Dubious Historical Exercise

Composer Lawrence Dillon, over at Sequenza 21, is trying to determine, for pedagogical reasons I guess, what were the pieces of music from the 1960s, ’70s, ’80s, and ’90s that most changed the way composers think about composing. I demurred offering my own choices, feeling a little out-of-mainstream in that milieu, and also having an innate proclivity for huge, long, relentless lists instead of brief, exclusive ones. He said, “Awww, c’mon!,” which I found a sufficiently compelling argument for a lazy Sunday afternoon.
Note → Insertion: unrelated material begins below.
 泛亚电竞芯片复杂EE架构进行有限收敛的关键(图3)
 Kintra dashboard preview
It’s an odd request as worded, because those pieces from the ’60s formed my conception of music, those from the ’70s changed it, but by the ’90s, very little was really going to change the way I compose – though I’ll admit, Mikel Rouse’s Failing Kansas did. Anyway, for what it’s worth, here’s my personal list for Lawrence, as short as I dare make it, and posted on my own blog so I can add important things I forgot:


Pierre Boulez: Pli selon pli (1962)

Terry Riley: In C (1964)

Igor Stravinsky: Requiem Canticles

Harry Partch: The Delusion of the Fury (1965-66)

John Cage: Variations IV (1963)

Luciano Berio: Sinfonia (1967)

Henri Pousseur: Jeu de Miroir de Votre Faust (1968)
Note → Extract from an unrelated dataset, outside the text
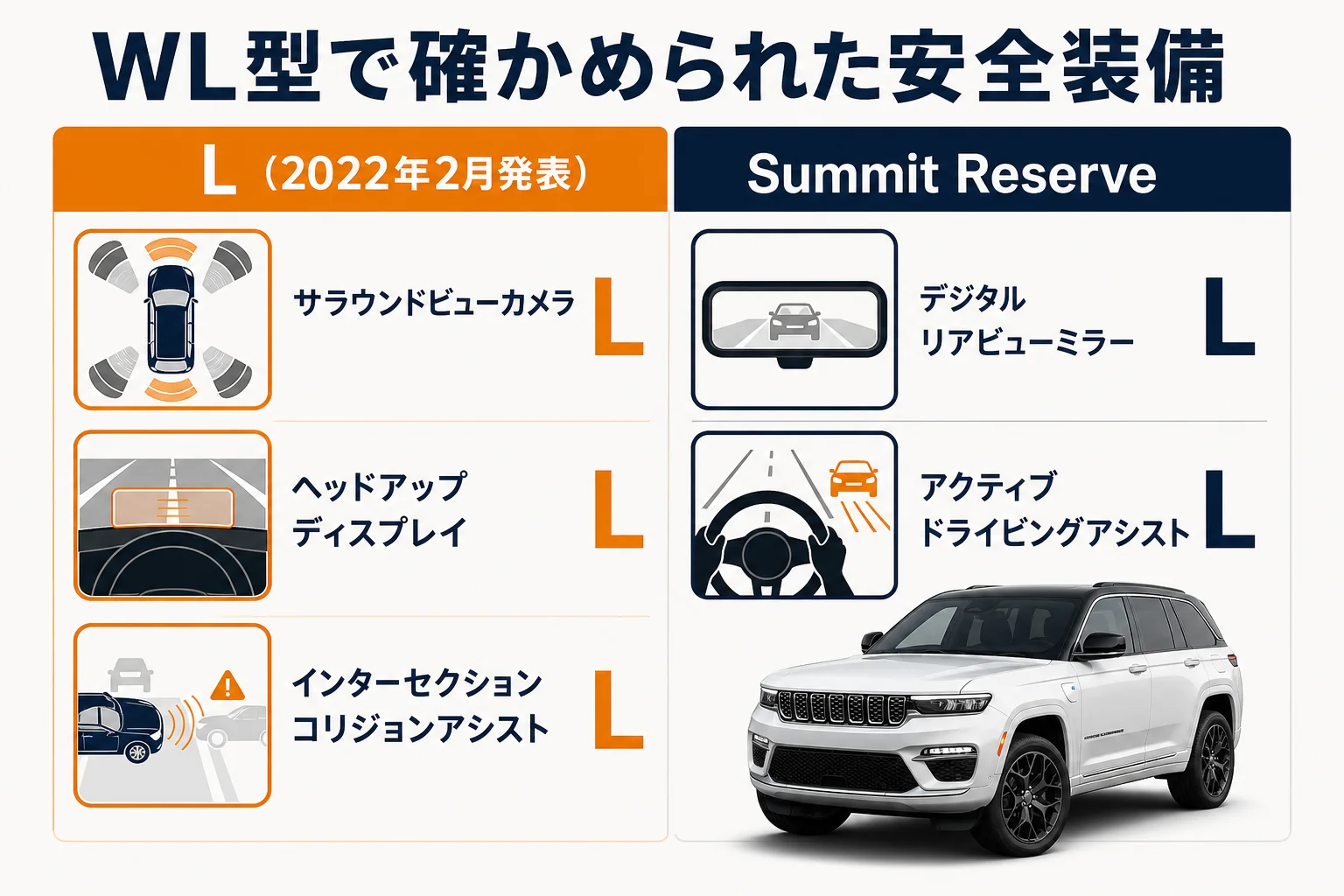 グランドチェロキーWL型で確かめられた安全装備とグレードの対応を示した図解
Bruno Maderna: Grande Aulodia (1969)

Philip Glass: Music in Fifths (1969)


George Crumb: Black Angels (1970 – no big impact on me, ultimately, but still wows my students)

Karlheinz Stockhausen: Mantra (1970)

Tom Johnson: An Hour for Piano (1971)

Morton Feldman: Rothko Chapel (1972)

Frederic Rzewski: Coming Together (1972)

Ben Johnston: String Quartet No. 4, “Amazing Grace” (1973)

Steve Reich: Music for Mallet instruments, Voices, and Organ (1973)

Philip Glass: Einstein on the Beach (1976)

Morton Feldman: Why Patterns? (1978)

Robert Ashley: Perfect Lives (1978)

William Duckworth: The Time Curve Preludes (1978-79)


Harold Budd/Brian Eno: The Plateaux of Mirror (1980)

Morton Feldman: For Philip Guston (1984)

Conlon Nancarrow: Studies Nos. 40, 41, 47, 48 (1980s)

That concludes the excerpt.